For IndieWire, David Ehrlich wrote, “Kurzel is well aware that such atrocities only create a short window of time to enact legislative change; he knows that ‘Nitram’ is several decades too late. So he and Grant have strived to make something that might inspire a change of culpability, instead — something that firmly places the guilt on the perpetrator (and on his parents, to a certain extent), while also making it clear that the onus for responding to it falls squarely on ‘us.’ That we’re no different than that little boy in the Tasmanian burn unit who, when asked if he’s learned his lesson about playing with firecrackers, bluntly responds ‘Yes, but I’m still playing with them.’ It’s a chuckle-worthy moment in a kids say the darndest things kind of way, but you won’t be laughing by the time ‘Nitram’ leaves us feeling like the butt of the joke.”
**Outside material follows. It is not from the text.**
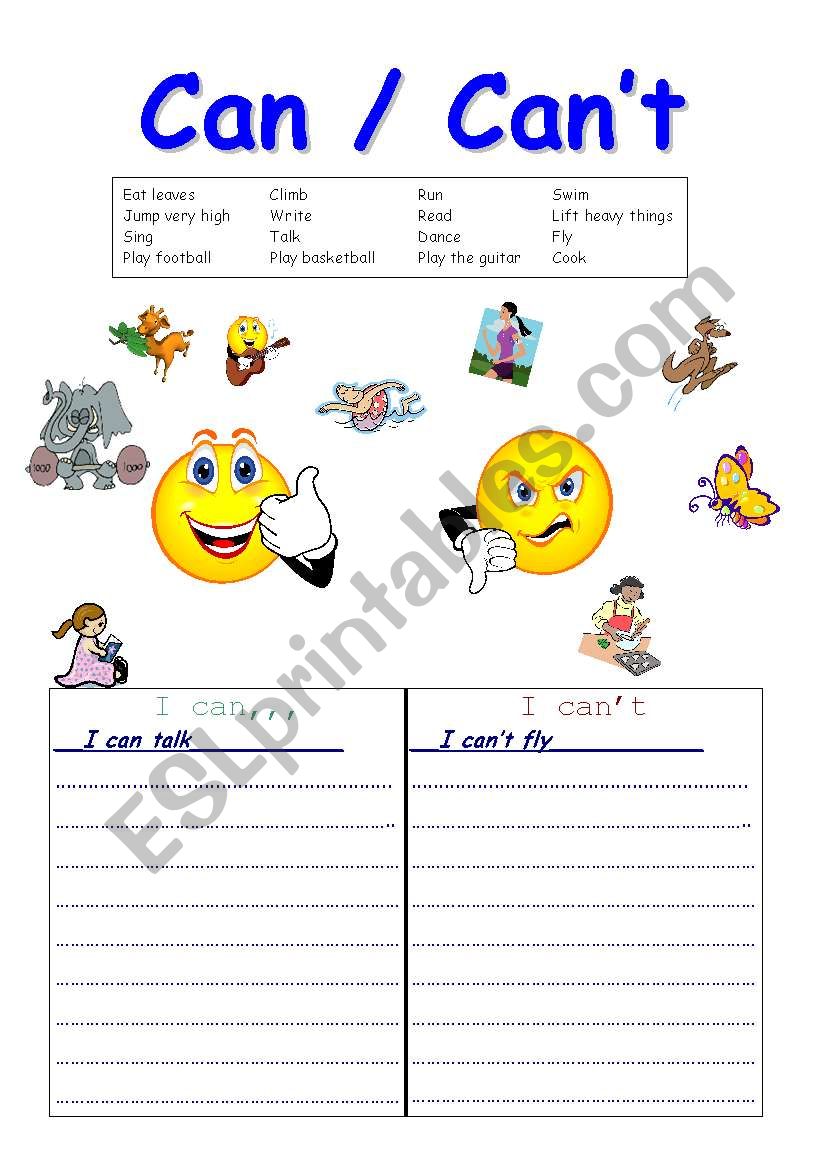 Speaking Worksheet Can English ESL Worksheets Pdf Doc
Two men and a woman sit on a bench against a dirty green wall, their hands folded on their laps.
Caleb Landry Jones, left, Judy Davis and Anthony LaPaglia in “Nitram.”
(IFC Films)

‘You Won’t Be Alone’

The feature debut of writer-director Goran Stolevski, “You Won’t Be Alone” is a folk-horror tale of a witch, known as the Wolf-Eateress among 19th century Macedonian villagers, and a shape-shifting young woman who takes on the form of others, learning what it means to go from isolation to living among a community. The international cast includes Noomi Rapace, Anamaria Marinca, Carloto Cotta and Alice Englert. The film is in theaters now.
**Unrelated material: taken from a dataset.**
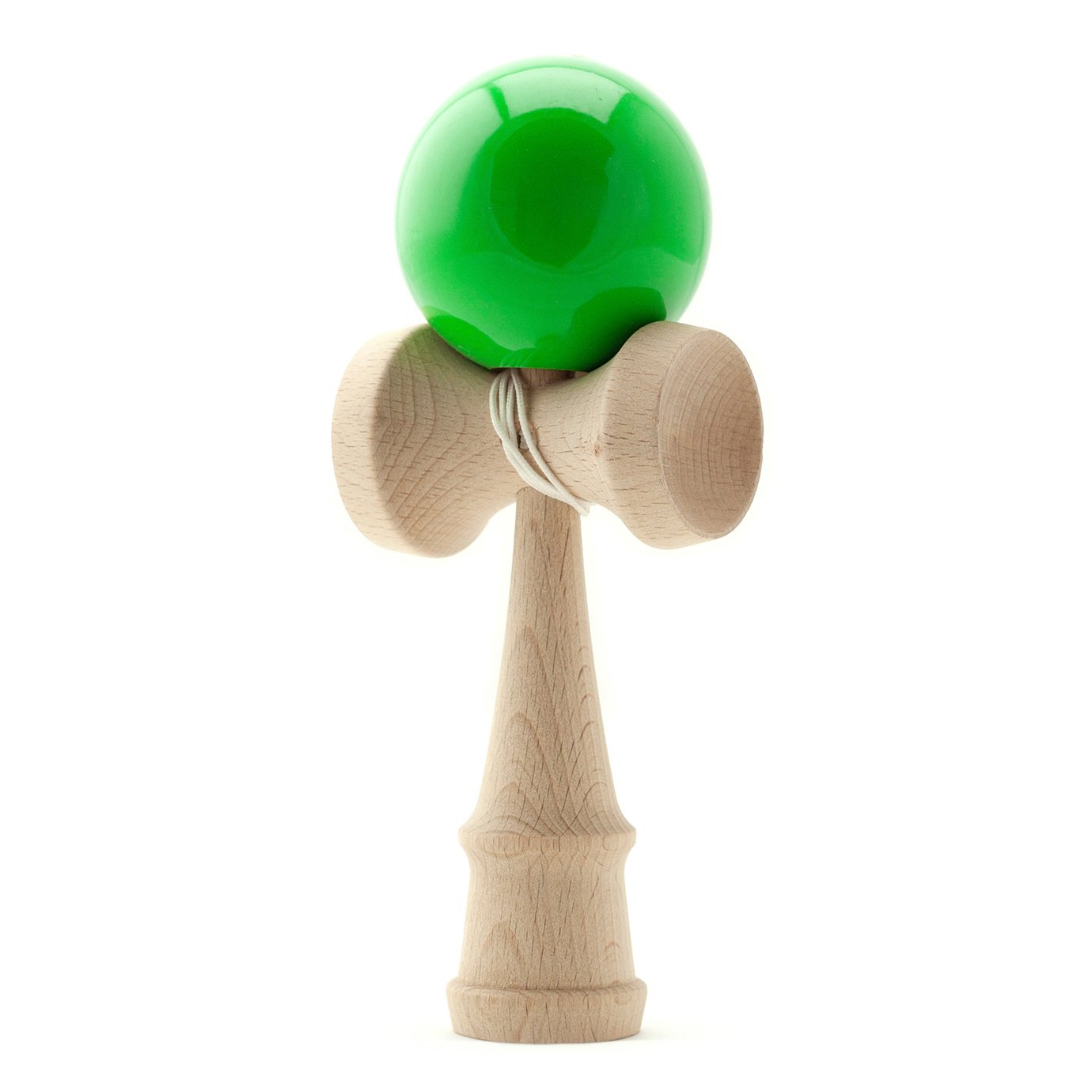 PRECORN Kendama Skill Game with Green Ball Wooden Toys Wooden Backstop Japanese Game of Skill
For The Times, Katie Walsh wrote, “Filmed in a lyrical, intimate manner, utilizing a handheld camera to capture the beauty of nature and the expression of each actor, the story of ‘You Won’t Be Alone’ is told almost entirely visually. … There are moments when you want to look away from ‘You Won’t Be Alone,’ but it’s so wildly compelling, in performance, writing and score, that one cannot. It feels like something unearthed from another time, an ancient relic that is utterly modern in its craft and in the truths it tells about the world. It is startling, and sometimes disturbing, but hits a place that is intensely human — bittersweet and bloody and beautiful at once, and unlike anything you’ve ever seen. Is it horror? Well, life can be a horror. And yet …”

For Vanity Fair, Richard Lawson wrote, “While certainly a treatise on a long and horrible history of the mistreatment of women, ‘You Won’t Be Alone’ is also about a fundamental constant shared by all people. It’s not just gender, not just sex, not just spiritual hunger, but all that is contained and grasped within the gift (and curse) of bodily consciousness, our awareness of self and others that can be—and so often is—utilized for terrible harm. It can also be the engine of deepest empathy, of vital connection. Of feeling, prickling all around us, the peculiarly comforting sentiment of the film’s title. … Amidst all the woe both inevitable and avoidable, there is the pressing on, the want and wish for—held in the more to come, we have to believe—the potential for better.”

Closeup of a woman with long dark hair and dirt on the front of her clothes.
Noomi Rapace stars as Bosilka in director Goran Stolevski’s “You Won’t Be Alone.”